また、 access_key secret_key なども記載するべきですが、ローカル環境での検証なので今回は記載しなくても大丈夫です。

provider.tf
terraform {
  required_providers {
    aws = {
      source  = "hashicorp/aws"
      version = "~> 5.0"
    }
  }
}

provider "aws" {
  region = "ap-northeast-1"

  endpoints {
    s3 = "http://localhost:4566" # LocalStackのS3のエンドポイントを指定
  }

  # LocalStackを利用するため、以下の設定を追加
  skip_credentials_validation = true
  skip_metadata_api_check     = true
  skip_requesting_account_id  = true
  # S3のエンドポイントを直接指定する設定を追加
  s3_use_path_style           = true
}

terraformディレクトリで以下のコマンドを実行します。事前に docker compose up -d 等でDockerコンテナの起動を行っておいてください。

terraform init && terraform apply -auto-approve

以下の表示があれば、 terraform apply が正常に完了しています。

Apply complete! Resources: 1 added, 0 changed, 0 destroyed.

現在の状態の確認

awscliがインストールされている環境であれば、以下のコマンドでバケットが作成されているか確認できます。

aws --endpoint-url=http://localhost:4566 s3 ls

以下のLocalStackが提供するヘルスチェックAPIも便利です。今回はS3のみ有効にしているので、S3以外が "disabled" となっていることが確認できます。

curl http://localhost:4566/_localstack/health
{"services": {"acm": "disabled", "apigateway": "disabled", "cloudformation": "disabled", "cloudwatch": "disabled", "config": "disabled", "dynamodb": "disabled", "dynamodbstreams": "disabled", "ec2": "disabled", "es": "disabled", "events": "disabled", "firehose": "disabled", "iam": "disabled", "kinesis": "disabled", "kms": "disabled", "lambda": "disabled", "logs": "disabled", "opensearch": "disabled", "redshift": "disabled", "resource-groups": "disabled", "resourcegroupstaggingapi": "disabled", "route53": "disabled", "route53resolver": "disabled", "s3": "running", "s3control": "disabled", "scheduler": "disabled", "secretsmanager": "disabled", "ses": "disabled", "sns": "disabled", "sqs": "disabled", "ssm": "disabled", "stepfunctions": "disabled", "sts": "disabled", "support": "disabled", "swf": "disabled", "transcribe": "disabled"}, "edition": "community", "version": "4.0.4.dev16"}

動作確認

画像をアップロードしてみる

これといった画像が手元にないので、placehold.jp様から画像を取得します。

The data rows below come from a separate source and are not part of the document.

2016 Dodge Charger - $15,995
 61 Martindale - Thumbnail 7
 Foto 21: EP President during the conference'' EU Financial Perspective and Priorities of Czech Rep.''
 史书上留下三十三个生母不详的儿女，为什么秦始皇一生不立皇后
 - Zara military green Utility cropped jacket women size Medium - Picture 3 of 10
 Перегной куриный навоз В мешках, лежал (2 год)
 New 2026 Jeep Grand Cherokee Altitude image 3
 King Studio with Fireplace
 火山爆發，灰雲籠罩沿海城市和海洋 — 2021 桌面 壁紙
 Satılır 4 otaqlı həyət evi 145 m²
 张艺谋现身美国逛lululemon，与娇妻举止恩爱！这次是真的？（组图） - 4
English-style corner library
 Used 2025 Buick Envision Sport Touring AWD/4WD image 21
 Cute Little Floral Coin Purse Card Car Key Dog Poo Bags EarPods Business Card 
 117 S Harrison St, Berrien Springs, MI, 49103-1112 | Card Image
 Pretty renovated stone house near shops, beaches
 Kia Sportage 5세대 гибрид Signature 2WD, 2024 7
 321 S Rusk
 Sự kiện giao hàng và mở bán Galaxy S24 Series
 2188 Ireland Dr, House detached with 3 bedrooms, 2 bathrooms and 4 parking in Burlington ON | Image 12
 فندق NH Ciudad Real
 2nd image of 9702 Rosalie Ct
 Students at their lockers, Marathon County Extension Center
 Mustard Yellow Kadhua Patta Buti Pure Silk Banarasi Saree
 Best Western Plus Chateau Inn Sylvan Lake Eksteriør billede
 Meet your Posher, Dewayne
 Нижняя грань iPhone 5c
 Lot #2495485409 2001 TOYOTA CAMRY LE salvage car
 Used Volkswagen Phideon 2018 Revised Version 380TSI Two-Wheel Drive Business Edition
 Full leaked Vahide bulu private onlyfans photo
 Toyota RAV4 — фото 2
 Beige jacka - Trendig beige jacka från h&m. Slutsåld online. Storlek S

curl -o sample-image.png https://placehold.jp/150x150.png

取得した画像を、そのままawscliを使用してアップロードします。

aws --endpoint-url=http://localhost:4566 s3 cp sample-image.png s3://localstack-test-bucket/

アップロードできたら、以下のURLから確認してみます。

http://localhost:4566/localstack-test-bucket/sample-image.png

まとめ

LocalStackを使ってTerraformの練習を手軽にすることが出来ました。今後も、Terraformを触る必要があるときはLocalStackを活用していきたいと思います。
また、Dockerコンテナが終了したと同時にデータは削除されてしまうので、開発環境として使うには少し工夫が必要かもしれません。

余談ですが、S3の代替であれば MinIO のようなものがあるので、適材適所で選んでいきたいところです。